In the introduction you discuss effect sizes in terms of r. Is this point biserial? It's not explained. Does anyone find that intuitive to interpret for a group difference? You switch back to Cohen's d in your own Results section. I would find it easier to read if you were consistent or reported both at least occasionally.

P. 5 L. 24 and following: Report CIs for all correlations.

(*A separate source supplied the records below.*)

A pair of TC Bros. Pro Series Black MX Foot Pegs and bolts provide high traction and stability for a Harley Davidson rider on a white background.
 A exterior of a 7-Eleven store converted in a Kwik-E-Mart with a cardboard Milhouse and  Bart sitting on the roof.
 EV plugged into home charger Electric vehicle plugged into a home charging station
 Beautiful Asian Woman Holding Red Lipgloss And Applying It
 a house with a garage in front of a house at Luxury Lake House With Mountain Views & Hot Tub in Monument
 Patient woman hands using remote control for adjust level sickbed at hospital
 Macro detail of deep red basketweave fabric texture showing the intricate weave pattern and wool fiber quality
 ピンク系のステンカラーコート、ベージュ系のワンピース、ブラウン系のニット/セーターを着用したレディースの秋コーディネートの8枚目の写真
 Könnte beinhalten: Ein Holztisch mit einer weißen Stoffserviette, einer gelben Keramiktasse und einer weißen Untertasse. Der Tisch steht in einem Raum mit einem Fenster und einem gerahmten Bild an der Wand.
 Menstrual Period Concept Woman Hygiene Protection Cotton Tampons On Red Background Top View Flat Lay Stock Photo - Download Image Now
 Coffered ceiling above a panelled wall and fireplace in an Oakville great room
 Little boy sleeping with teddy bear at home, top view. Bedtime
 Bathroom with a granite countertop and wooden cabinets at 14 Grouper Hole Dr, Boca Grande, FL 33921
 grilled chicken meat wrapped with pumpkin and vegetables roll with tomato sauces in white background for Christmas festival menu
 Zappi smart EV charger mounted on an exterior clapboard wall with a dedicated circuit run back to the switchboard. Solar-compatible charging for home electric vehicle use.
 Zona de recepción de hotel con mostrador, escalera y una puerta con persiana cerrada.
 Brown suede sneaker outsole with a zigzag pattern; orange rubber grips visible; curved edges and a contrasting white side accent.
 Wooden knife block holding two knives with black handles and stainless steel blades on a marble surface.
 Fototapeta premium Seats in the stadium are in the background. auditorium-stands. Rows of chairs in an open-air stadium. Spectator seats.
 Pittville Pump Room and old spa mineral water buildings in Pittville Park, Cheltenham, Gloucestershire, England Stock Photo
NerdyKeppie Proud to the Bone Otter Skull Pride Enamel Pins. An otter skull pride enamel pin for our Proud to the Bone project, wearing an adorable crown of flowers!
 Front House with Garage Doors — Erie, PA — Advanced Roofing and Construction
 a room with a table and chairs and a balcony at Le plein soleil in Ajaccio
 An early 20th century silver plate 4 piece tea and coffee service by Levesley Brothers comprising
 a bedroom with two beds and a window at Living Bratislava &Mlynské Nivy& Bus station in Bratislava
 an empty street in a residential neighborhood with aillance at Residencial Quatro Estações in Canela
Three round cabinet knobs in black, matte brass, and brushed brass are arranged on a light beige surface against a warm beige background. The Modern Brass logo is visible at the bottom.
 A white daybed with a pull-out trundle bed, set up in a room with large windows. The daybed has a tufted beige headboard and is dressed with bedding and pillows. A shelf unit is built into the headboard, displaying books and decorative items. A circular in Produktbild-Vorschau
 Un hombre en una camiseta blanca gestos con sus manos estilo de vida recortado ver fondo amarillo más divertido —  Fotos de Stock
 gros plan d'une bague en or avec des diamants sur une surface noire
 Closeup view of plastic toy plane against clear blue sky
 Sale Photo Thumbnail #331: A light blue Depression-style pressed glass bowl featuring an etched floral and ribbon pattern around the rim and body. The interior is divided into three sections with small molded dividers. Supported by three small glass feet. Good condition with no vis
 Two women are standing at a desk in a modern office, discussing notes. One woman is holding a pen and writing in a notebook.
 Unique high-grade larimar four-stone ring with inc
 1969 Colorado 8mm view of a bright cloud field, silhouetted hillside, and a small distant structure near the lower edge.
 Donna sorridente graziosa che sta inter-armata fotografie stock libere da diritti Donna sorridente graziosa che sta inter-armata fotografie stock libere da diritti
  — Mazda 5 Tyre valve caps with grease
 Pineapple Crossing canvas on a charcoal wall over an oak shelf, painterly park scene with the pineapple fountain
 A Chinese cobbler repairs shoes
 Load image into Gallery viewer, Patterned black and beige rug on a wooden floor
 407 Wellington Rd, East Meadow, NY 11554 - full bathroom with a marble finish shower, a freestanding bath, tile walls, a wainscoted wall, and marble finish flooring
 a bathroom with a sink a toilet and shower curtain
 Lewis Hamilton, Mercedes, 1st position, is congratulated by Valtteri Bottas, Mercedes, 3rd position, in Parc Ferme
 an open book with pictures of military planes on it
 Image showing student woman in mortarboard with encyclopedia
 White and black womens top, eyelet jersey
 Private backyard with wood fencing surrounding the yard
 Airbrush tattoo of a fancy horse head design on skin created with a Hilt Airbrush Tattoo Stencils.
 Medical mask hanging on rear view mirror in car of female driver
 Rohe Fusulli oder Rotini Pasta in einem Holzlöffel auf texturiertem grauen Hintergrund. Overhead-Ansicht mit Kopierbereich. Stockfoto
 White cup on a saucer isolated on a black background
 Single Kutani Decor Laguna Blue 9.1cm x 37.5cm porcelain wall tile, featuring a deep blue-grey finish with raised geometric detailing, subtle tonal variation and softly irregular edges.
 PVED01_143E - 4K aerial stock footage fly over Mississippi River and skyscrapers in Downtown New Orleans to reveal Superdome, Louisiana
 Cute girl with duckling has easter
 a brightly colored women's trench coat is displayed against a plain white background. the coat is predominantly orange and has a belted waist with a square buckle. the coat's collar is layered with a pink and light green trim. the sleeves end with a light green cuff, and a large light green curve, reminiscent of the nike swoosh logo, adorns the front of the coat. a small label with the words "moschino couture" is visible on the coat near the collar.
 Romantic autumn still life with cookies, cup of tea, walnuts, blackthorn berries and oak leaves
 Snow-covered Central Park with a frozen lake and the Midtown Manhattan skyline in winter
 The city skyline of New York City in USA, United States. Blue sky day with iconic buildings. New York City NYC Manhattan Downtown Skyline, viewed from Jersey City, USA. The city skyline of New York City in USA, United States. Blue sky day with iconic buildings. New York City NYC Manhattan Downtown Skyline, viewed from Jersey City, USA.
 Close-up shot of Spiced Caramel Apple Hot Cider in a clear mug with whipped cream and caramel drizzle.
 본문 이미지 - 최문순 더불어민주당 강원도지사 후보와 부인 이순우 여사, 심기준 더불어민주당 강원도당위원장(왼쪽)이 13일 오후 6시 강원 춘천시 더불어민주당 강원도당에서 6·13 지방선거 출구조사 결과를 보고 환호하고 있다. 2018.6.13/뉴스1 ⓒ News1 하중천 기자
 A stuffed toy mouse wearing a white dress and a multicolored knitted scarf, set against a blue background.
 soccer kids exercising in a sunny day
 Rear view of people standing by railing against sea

"closer to zero" -> report number.

P. 10 L 20: report median and max N

The Javascript implementations of the tasks do not implement frame synchronization as far as I can tell, though they do use requestAnimationFrame (which is good). Lack of frame synchro will presumably lead to somewhat variable presentation times as browsers determine how many frames to show for the requested duration depending on various factors. As far as I know, the impact will be slight and is negligible for non-psychophysics research, but given that it's only a single result per task per person and device differences would be confounded with individual differences, maybe it's worth considering updating the code to follow the state of the art. I haven't evaluated this in depth and just wanted to bring it to your attention.

There is a link in the MPQ Absorption scale paragraph that leads to a page only accessible by password. Also, the full items for the MPQ are part of your online supplement, so the link may at best mislead readers to think they may not see the items.

P. 19 L 18 "would not measure"

This prior small study investigating ADHD and inattentional blindness isn't cited, probably it should be:

Grossman, E. S., Hoffman, Y. S. G., Berger, I., & Zivotofsky, A. Z. (2015). Beating their chests: University students with ADHD demonstrate greater attentional abilities on an inattentional blindness paradigm. Neuropsychology, 29(6), 882–887. https://doi.org/10.1037/neu0000189

Many of the results that do not relate to your primary research question but rather to validating your procedures (e.g., intercorrelations between cognitive tests) could be reported in a supplement.

The k-fold cross-validation to find items associated with noticing is a nice touch. You should mention which Pseudo-R2 you'll report for the logistic regression. You could also do a Lasso regression or similar with all items to see how much variance all items can explain in cross-validation (e.g., loo_R2 in the brms package).